As a unique game overlooked from a poor release date, Nier is an interesting twist on how videogames can be presented to the player. Nier opens to a distressed father direly concerned about his daughter and her potentially fatal sickness known as the Dark Scrawl. After a brief tutorial, the player takes control of the father named Nier and is able to explore an expansive action adventure world. You begin in this world by collecting money through quests in order to support his daughter, Yonah, and strive to cure her sickness.
The world is underdeveloped with small markets and buildings making up most of the small towns. You quickly learn dark scribble-like creatures known as Shades roam the open world outside the towns. Nier gets an assortment of magic and weapons to slay the shades in a bloody mist. As Nier continues through the storyline, the main cast of characters forms to include Grimoire Weiss, a magic book that allows you to cast spells through him, a small boy named Emil with the power to petrify enemies, and lastly, Kaine, a scantily clad female who possess Shade powers, all to help cure Yonahs’ sickness. Shortly after the group is formed, Nier returns to his hometown to find a rampaging Shade and the kidnapping of his daughter. Can the trials and tribulations of this small group save Yonah and free her from her sickness?
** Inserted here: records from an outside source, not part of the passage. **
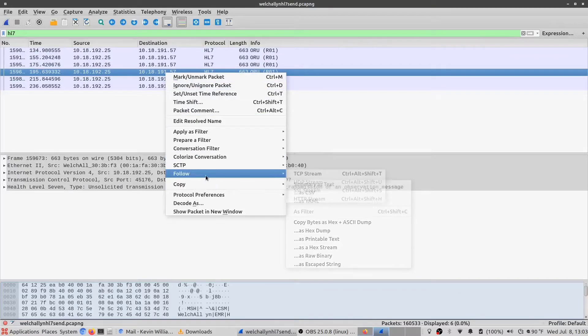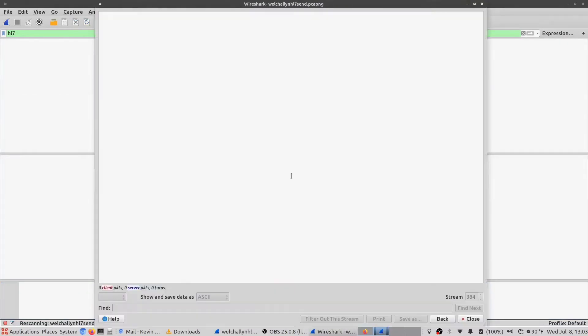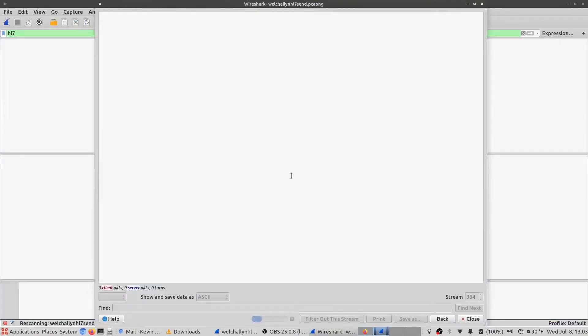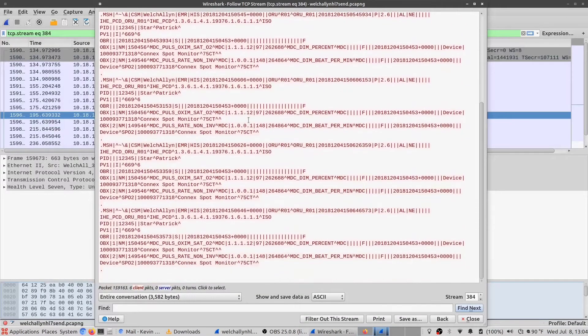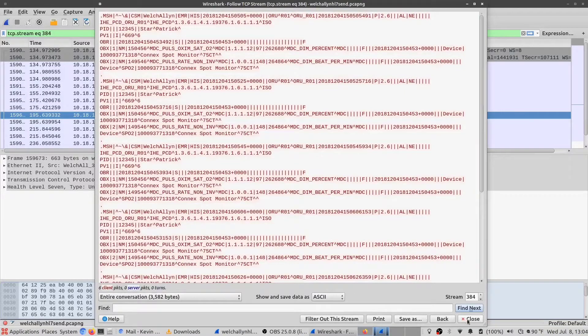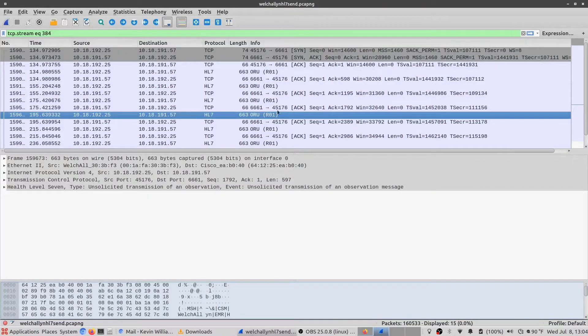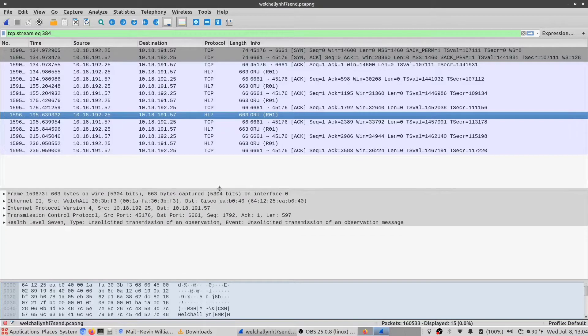So if we follow the TCP stream, not only will we be able to see the raw HL7 message in its uninterpreted form, but if we click close down at the bottom here, we can see that Wireshark has actually pulled the context of that information.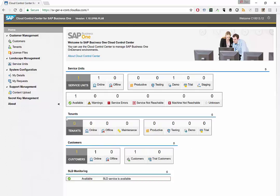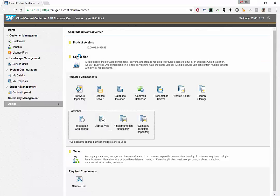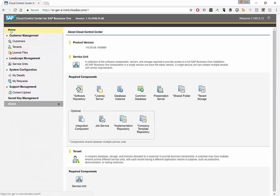Now, if you look at service units and tenants, I explained in the earlier video, if you want to read what it is in About Cloud Control Center, you see exactly what the explanation is.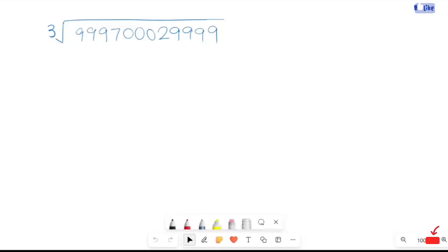Hi, here we have a keyword question. We wrote 99,970 crore, 29,009,090. So let's start our solution.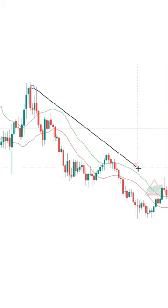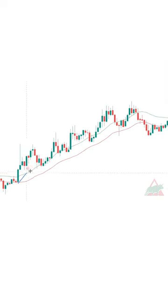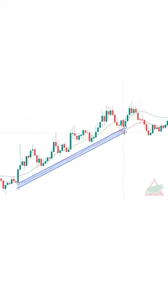If you are drawing trend lines like this, you have to stop. In order to be correct for everyone, trend lines have to be areas and not straight lines.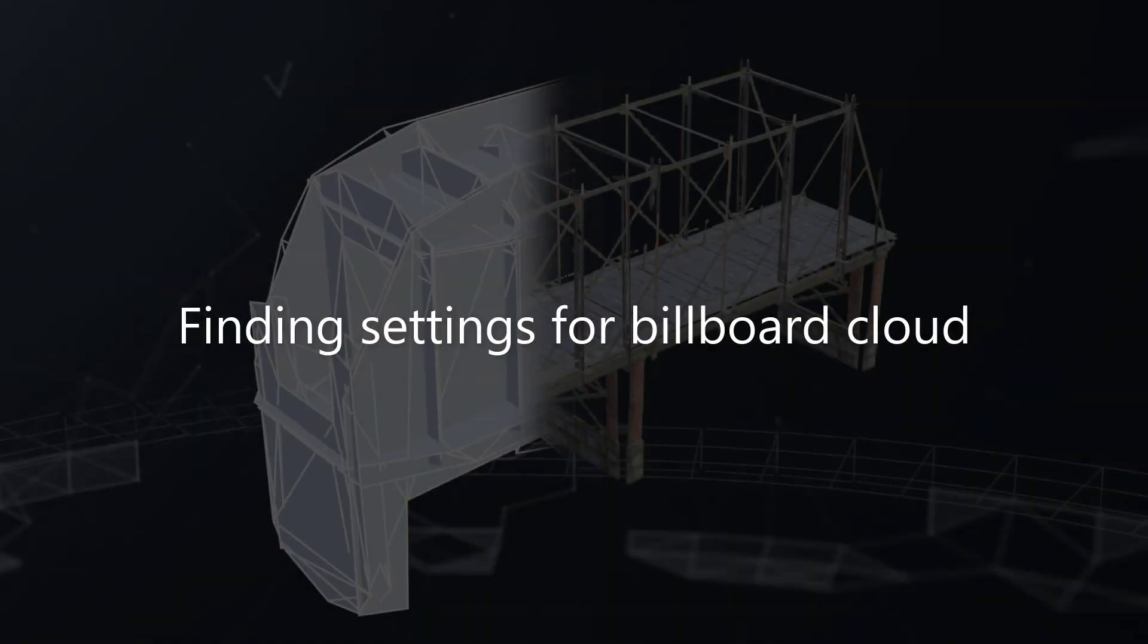Hello and welcome to today's Simplygon tutorial. In this tutorial I'll show you how to find good settings for our billboard cloud pipeline.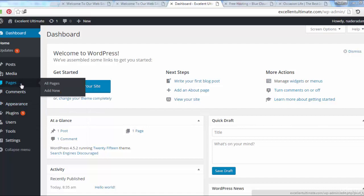Pages are static content on the site. Pages can be hierarchical like main page and subpages. The content of a page can be edited, but after it's uploaded or created, it will never be updated regularly.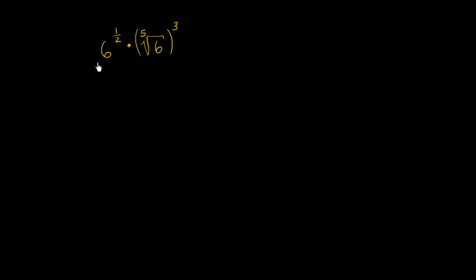Let's see if we can simplify 6 to the 1 half power times the fifth root of 6 and all of that to the third power. I encourage you to pause this video and try it on your own.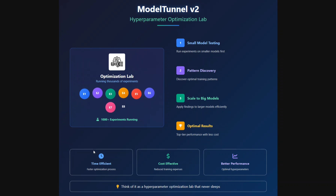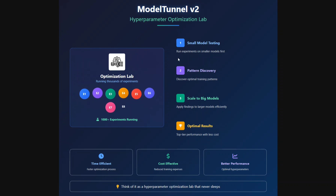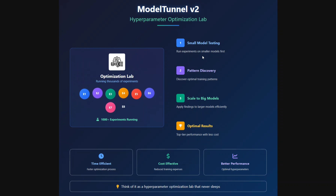The third interesting thing is Model Tunnel v2, which was the most impressive to me. It uses an optimization lab that runs thousands of experiments in parallel and figures out the best training methodology for the model. It runs experiments on smaller models first - for example, to train an 8 billion parameter model, it might run on a 100 million parameter model across thousands of iterations, testing different approaches. The best approach is then used for the bigger model, making it time-efficient, cost-effective, and better performing.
The controls for Xbox 360 are very easy to use and work smoothly together. The four buttons supply actions for melee hits, dodging, block breaking and blocking, while each left and right bumper can control one magic attack each provided by Grimoire Weiss. The magic can be switched at any time through the main menu. I did not have any problems at all with the controls and found them very efficient for fighting. The main menu could be organized a bit better; it gets tedious to sort through all your items and to find new items you may have obtained.
Scenery throughout the land is simple but visually complete with rocks and trees through the area. The land is very expansive, but not much changes as the story progresses, even through a time skip in the storyline. What makes up for the lack of changes is that each new zone and town has a different environment and feel to it.
What impressed me most about Nier was the variety of different gaming styles used to keep the player involved. The genre of this game is an action-adventure/RPG, yet it utilizes side-scrolling aspects, overhead camera views, fixed camera angles and even text-based RPGs.
Though Yonah, her father and the rest of the cast have involved backstories, the majority of the game is spent doing side quests. Lots of them. Most of the quests help you gather money to make it easier to get through the game, and they are not necessary to complete the game, but they generally help. Honestly, I feel it helps make Nier more complete, as the game focuses on the plethora of quests.
A really fun aspect of Nier was the boss fights. They force the player to adapt through stages of the fight and end in a neat cutscene. I liked that the dungeons were not long, and some dungeons had humorous dialog or sequences.
One unique aspect of the game I found very appealing and unexpectedly pleasant was the music. The music is not common for a game that has blood spurting out of enemies with every hit and magic attack. It is very soothing and peaceful. It is, however, repetitive, which didn’t bother me but could definitely get on your friends’ nerves if they are watching you play.
Although the quests in Nier absorb a lot of your time, sometimes the description of the quests can be confusing and you will have no idea where to go. Particularly I found what could be a lot better was the fishing quests. In order to fish, you have to watch the fishing rod drastically bend in order to tell a fish is hooked. Your thin fishing rod is very hard to see against a white, rolling, ocean. Different areas of the ocean and every lake are a different skill levels to fish in. The NPC who first teaches you how to fish is located in an elevated fishing skill level, but there are no markers as to how high of a level you should be in order to fish in them.
I would recommend Nier to anyone looking for an inexpensive game to put some free time into. Despite its small storyline, this is a 30-40 hour game with all the quests and upgrading that can be done. The game can be played many times, as there are a few different endings. If you’re the kind of player that just wants to get through a game fast, Nier probably isn’t a game you would want to try. There’s a lot of cutscenes, and the game can get rather hack-n-slash and repetitive. Not many new enemies show up through the various areas, and every area you visit, you will visit a lot.
That said, I would definitely say Nier is worth buying if you like RPG games or action adventure games with strategy. I personally enjoy games in which every hit and dodge you do is determined by your reflexes on a controller. I do not regret purchasing it, but renting the game first to decide how involved you want to get with a long game might be the best idea.